Excerpts from a dataset:
────

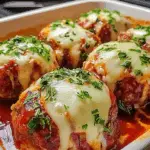 Baked Mozzarella Stuffed Meatballs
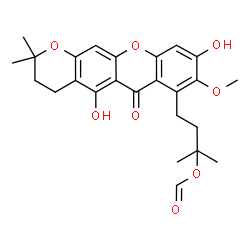 ChemSpider 2D Image | 4-(5,9-Dihydroxy-8-methoxy-2,2-dimethyl-6-oxo-3,4-dihydro-2H,6H-pyrano[3,2-b]xanthen-7-yl)-2-methyl-2-butanyl formate | C25H28O8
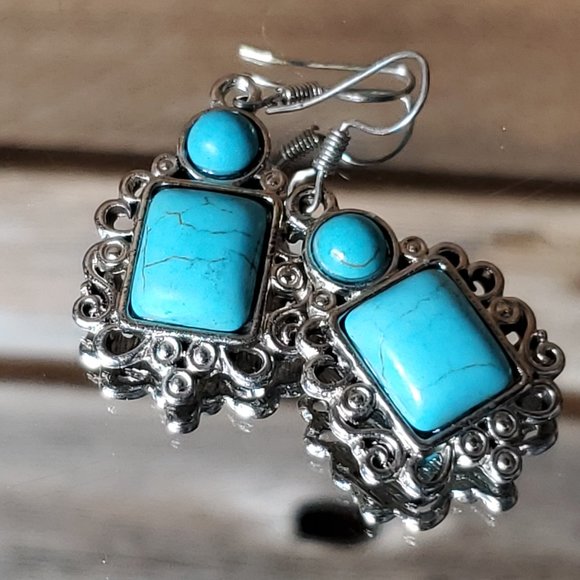 FlorasFantasies Jewelry - Josephine Genuine Turquoise & Sterling Silver Earrings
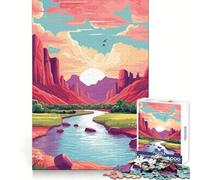 Beautiful Valley Mountain Jigsaw 1000 Pieces for Teenagers Reasoning Skill Serene Escape Sharp Cut Thoughtful Gift (38x26cm)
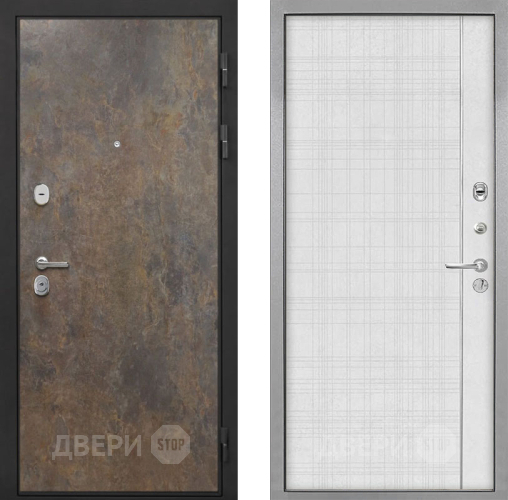 Входная металлическая Дверь Интекрон (INTECRON) Гектор Гранж В-07 с молдингом Лофт белый в Можайске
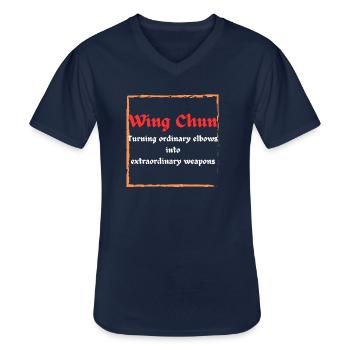 Wing Chun Ellbogen - Männer-T-Shirt mit V-Ausschnitt - Navy - Vorne - AI Model Male 178 dark (178cm)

────

**WHAT IS NEEDED**
Nothing but the lines from the one containing "FlorasFantasies Jewelry - Josephine" through the last line of the records should appear in the copy, exactly as written and without pictures.

**EXERCISE ANSWER**
 FlorasFantasies Jewelry - Josephine Genuine Turquoise & Sterling Silver Earrings
 Beautiful Valley Mountain Jigsaw 1000 Pieces for Teenagers Reasoning Skill Serene Escape Sharp Cut Thoughtful Gift (38x26cm)
 Входная металлическая Дверь Интекрон (INTECRON) Гектор Гранж В-07 с молдингом Лофт белый в Можайске
 Wing Chun Ellbogen - Männer-T-Shirt mit V-Ausschnitt - Navy - Vorne - AI Model Male 178 dark (178cm)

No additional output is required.